### Exercise goal:
Repeat all of the records verbatim.
Segment Start: Source information
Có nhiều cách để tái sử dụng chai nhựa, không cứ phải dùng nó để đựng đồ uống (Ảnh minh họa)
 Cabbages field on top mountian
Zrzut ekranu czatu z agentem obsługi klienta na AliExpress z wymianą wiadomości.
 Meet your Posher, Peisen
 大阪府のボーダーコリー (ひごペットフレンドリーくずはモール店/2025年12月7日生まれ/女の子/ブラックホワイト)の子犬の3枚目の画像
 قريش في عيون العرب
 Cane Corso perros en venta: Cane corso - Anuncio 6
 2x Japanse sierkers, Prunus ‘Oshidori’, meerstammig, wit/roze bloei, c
Segment End: Source information
### Solution to the exercise:
Có nhiều cách để tái sử dụng chai nhựa, không cứ phải dùng nó để đựng đồ uống (Ảnh minh họa)
 Cabbages field on top mountian
Zrzut ekranu czatu z agentem obsługi klienta na AliExpress z wymianą wiadomości.
 Meet your Posher, Peisen
 大阪府のボーダーコリー (ひごペットフレンドリーくずはモール店/2025年12月7日生まれ/女の子/ブラックホワイト)の子犬の3枚目の画像
 قريش في عيون العرب
 Cane Corso perros en venta: Cane corso - Anuncio 6
 2x Japanse sierkers, Prunus ‘Oshidori’, meerstammig, wit/roze bloei, c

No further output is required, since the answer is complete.